Predisposing factors: Anyone strong enough (male gender, in particular) to generate significant sustained negative intrapleural pressure against a closed glottis (Müller’s maneuver) or severely restricted upper airway is at risk for the development of NPPE. Factors predisposing to laryngospasm such as recent upper respiratory infection, dry cough and history of reactive airway disease, lighter planes of anesthesia, blood and secretions in throat may precipitate NPPE5.

Differential diagnosis:
Common differential diagnoses include aspiration pneumonitis and other causes of increased capillary permeability edema (e.g., fat or amniotic  fluid embolism, sepsis, cardiogenic causes, iatrogenic fluid overload).
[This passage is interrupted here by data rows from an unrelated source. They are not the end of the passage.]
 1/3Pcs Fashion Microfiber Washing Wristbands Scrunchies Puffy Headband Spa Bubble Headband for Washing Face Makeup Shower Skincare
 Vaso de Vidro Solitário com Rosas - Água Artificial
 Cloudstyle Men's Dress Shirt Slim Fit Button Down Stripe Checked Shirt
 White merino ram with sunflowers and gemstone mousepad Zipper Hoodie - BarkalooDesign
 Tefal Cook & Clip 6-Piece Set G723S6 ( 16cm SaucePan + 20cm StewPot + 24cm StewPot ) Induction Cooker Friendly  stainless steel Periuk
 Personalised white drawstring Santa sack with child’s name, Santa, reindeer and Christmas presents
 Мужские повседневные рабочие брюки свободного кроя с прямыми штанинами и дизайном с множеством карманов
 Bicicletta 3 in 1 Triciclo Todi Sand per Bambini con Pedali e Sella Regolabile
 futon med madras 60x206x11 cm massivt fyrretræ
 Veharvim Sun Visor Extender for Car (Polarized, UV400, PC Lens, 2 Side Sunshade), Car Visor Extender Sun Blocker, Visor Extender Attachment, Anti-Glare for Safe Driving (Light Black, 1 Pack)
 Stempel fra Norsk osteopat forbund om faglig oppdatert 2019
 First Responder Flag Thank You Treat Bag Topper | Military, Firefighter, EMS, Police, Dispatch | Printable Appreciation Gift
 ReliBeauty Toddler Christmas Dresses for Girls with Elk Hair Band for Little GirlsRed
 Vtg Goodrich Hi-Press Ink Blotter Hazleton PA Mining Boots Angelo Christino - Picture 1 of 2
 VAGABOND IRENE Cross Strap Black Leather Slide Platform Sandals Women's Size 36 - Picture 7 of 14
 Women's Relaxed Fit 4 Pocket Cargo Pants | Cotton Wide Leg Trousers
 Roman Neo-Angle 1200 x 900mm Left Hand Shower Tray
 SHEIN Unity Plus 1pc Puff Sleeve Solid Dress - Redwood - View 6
Acute pulmonary edema has also been reported in patients with head injury, heroin or other narcotic overdose, overly abrupt reversal of intraoperative narcotics (e.g.,using 400 μ g of naloxone as opposed to 20- to 40-μ g increments), venous air embolism, pulmonary embolectomy, and high-altitude exposure.

Management:
After recognition, management includes maintenance of a patent airway and the provision of adequate arterial oxygenation. Supplemental O2  is required, with or without continuous positive airway pressure (CPAP) or mechanical ventilation with PEEP. Tracheal intubation or reintubation is necessary to sustain the airway in 85% of adults and children. Slightly more than 50% of adults and just under 50% of children require mechanical ventilation4.
Additional measures include sedation, and muscle relaxation if required (when on mechanical ventilation). Diuretics and vasoactive drugs are indicated when there is severe pulmonary edema with co existing cardiac disorders.  Meanwhile other causes of pulmonary edema should be ruled out by assessment of the patient2,4.

Prevention:

  1. Use of bite blocks to prevent patients from biting and obstructing the endotracheal tube while attempting to inhale at the same time.
  2. Avoidance of factors that cause laryngospsam:
    1. repeated failed attempts at endotracheal intubation (“Woody Woodpecker” syndrome)
    2. inadequate anesthetic depth or skeletal muscle relaxation for tracheal intubation
    3. excessive oropharyngeal secretions
  3. Careful timing of tracheal extubation after general anesthesia to avoid stimulation during the excitement phase
  4. The immediate, judicious use of CPAP after tracheal intubation or extubation in patients at high risk for POPE might mitigate the severity of the syndrome and minimize the need for reintubation and mechanical ventilation.

 

References:

  1. Visvanathan T, Kluger MT, Webb RK, Westhorpe RN. Crisis management during anaesthesia: laryngospasm. Qual Saf Health Care 2005;14:e3.
  2. Balu Bhaskar, John F. Fraser. Negative pressure pulmonary edema revisited: Pathophysiology and review of management. Saudi Journal of Anaesthesia 2011; 5(3): 308 – 13.
  3. William C Wilson, Jonathan Benumof. Physiology of the airway. In; Benumof and Hagberg’s Airway Management. 3rd edn. Eds: Carin A. Hagberg. Elsevier Saunders, Philadelphia. 2013: 143.  
  4. Kenneth W Travis, John L Atlee. Post obstruction pulmonary edema. In; Complications in anaesthesia. 2nd ed. Ed: John L Atlee. Saunders, Philadelphia. 2007: 213 – 16.
  5.  Ghofaily LAl, Simmons C, Chen L, Liu R. Negative Pressure Pulmonary Edema after Laryngospasm: A Revisit with a Case Report. J Anesth Clin Res 2012;3 :252.